◆ **EXERCISE DATA**
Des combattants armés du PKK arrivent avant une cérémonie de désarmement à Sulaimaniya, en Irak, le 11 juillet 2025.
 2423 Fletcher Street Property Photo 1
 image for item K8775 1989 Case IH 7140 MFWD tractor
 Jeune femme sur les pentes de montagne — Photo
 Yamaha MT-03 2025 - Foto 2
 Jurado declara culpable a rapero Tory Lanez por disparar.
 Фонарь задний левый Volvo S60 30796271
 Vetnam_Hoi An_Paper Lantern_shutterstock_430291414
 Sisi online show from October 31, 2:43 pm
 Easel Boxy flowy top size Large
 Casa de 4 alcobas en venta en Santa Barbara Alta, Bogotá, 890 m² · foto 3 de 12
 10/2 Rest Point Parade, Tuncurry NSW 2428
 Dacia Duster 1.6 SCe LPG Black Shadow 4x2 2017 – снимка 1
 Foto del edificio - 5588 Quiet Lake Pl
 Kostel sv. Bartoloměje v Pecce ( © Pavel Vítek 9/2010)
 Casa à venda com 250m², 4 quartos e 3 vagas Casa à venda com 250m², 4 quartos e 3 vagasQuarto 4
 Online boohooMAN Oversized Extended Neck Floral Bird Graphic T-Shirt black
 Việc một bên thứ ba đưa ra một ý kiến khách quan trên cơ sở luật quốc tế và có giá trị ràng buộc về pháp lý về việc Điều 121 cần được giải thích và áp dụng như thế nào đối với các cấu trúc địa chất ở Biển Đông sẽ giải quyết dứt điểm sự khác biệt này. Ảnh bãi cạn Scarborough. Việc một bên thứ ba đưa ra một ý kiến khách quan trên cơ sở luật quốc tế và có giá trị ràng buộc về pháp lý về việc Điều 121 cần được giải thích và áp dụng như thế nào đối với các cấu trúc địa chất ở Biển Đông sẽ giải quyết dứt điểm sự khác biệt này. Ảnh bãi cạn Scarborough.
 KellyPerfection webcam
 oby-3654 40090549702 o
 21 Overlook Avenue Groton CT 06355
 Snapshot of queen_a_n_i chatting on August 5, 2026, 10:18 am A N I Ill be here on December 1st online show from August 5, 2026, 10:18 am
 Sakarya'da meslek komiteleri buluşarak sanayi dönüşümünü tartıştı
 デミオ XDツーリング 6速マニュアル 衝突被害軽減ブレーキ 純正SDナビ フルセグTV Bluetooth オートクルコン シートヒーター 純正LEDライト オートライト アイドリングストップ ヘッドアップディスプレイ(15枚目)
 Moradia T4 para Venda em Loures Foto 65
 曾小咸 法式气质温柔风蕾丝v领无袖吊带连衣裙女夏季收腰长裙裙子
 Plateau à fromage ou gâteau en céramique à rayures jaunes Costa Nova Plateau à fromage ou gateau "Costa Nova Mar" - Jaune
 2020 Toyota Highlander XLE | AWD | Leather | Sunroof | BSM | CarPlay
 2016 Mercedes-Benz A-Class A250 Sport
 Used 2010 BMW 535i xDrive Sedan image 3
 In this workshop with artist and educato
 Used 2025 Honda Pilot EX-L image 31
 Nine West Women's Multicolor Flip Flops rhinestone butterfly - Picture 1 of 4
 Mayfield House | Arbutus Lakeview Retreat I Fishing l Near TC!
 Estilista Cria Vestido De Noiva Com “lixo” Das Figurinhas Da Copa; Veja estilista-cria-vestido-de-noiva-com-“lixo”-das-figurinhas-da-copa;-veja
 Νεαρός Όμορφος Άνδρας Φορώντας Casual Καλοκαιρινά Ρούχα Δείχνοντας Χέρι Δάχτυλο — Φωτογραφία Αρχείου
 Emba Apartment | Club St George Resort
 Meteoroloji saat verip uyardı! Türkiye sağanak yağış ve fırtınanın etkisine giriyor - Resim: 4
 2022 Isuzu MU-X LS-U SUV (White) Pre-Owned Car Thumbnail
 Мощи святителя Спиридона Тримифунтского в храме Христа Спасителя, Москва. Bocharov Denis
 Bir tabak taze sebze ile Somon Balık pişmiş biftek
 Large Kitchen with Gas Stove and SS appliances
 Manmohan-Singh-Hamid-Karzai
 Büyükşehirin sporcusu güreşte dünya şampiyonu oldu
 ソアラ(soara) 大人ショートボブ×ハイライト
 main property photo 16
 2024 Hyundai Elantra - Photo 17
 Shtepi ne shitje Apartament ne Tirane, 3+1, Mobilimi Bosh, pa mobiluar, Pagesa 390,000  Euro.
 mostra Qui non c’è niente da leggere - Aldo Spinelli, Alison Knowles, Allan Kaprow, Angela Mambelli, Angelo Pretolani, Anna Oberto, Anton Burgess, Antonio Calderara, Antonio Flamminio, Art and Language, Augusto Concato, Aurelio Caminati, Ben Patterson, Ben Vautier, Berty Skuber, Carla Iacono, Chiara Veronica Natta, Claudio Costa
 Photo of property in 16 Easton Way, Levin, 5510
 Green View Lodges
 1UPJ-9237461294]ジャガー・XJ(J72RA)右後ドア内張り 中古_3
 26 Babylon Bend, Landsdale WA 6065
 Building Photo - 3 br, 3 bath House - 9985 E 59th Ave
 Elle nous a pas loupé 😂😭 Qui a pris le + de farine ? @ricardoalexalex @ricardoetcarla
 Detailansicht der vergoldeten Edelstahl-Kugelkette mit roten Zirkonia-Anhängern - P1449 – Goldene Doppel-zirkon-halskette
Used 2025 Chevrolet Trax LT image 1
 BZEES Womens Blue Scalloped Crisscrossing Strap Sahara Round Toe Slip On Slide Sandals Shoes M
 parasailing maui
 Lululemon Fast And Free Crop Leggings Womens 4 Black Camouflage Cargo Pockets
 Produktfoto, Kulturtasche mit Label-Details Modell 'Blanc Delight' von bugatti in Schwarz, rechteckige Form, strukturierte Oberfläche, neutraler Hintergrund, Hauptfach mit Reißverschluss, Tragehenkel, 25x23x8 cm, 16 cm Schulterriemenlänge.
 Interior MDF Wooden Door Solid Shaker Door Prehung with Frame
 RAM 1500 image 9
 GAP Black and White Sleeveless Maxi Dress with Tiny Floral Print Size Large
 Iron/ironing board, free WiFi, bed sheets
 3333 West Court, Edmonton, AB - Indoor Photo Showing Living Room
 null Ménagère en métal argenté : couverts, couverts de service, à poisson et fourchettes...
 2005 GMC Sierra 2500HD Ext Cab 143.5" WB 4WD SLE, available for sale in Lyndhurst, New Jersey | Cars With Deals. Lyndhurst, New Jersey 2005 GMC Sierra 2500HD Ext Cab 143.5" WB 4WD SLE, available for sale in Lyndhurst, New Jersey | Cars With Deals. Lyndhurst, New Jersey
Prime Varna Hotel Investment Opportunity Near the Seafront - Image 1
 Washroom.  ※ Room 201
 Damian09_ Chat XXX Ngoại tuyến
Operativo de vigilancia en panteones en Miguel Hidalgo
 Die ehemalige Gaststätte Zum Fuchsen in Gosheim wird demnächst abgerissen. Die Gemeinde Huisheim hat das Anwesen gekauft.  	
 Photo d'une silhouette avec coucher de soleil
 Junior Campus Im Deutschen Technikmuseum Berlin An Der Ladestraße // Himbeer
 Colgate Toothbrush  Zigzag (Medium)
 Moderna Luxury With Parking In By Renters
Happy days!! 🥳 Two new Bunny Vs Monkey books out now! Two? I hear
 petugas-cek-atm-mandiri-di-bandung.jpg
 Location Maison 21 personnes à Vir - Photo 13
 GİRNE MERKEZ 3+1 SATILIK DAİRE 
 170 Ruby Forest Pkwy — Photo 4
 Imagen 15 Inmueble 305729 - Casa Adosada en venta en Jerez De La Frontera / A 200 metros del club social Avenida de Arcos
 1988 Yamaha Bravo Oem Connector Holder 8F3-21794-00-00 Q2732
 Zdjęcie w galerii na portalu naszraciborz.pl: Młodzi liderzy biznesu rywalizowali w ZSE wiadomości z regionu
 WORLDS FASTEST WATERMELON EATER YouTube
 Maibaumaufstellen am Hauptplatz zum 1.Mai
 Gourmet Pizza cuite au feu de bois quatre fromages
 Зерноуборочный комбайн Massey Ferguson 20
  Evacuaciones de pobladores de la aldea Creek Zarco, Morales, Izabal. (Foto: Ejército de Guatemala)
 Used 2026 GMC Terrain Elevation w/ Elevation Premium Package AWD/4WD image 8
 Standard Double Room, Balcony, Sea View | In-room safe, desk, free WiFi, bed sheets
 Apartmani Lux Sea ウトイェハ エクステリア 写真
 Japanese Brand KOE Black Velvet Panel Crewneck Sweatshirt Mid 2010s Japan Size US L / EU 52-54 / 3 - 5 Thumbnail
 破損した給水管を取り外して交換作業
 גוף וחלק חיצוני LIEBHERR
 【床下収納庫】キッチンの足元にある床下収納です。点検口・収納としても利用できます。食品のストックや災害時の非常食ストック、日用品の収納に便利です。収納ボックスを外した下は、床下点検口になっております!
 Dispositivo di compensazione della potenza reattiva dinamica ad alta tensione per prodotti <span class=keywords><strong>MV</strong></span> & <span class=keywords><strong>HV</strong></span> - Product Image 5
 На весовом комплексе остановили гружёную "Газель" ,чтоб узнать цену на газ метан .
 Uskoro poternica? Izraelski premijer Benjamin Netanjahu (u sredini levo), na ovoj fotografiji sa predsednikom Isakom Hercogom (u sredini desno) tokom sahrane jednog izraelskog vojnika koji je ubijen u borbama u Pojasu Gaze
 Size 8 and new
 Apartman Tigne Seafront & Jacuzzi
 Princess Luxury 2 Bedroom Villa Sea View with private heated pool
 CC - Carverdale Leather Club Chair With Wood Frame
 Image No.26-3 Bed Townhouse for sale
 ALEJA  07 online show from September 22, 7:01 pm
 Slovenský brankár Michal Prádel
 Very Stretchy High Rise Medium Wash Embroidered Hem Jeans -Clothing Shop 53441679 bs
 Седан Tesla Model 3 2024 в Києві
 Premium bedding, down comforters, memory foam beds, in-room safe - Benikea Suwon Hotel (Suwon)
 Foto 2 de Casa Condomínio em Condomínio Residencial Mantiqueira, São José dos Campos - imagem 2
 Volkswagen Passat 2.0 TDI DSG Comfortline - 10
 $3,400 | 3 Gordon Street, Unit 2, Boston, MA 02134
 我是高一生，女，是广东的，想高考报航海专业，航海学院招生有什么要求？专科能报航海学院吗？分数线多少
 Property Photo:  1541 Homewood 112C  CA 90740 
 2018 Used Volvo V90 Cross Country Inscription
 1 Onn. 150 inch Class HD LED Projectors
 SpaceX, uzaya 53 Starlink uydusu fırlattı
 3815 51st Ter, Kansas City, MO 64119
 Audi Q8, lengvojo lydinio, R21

◆ **PROBLEM TO WORK ON**
From the listing above, work out the number of lines that contain "sale" and give only that.

◆ **EXERCISE ANSWER**
2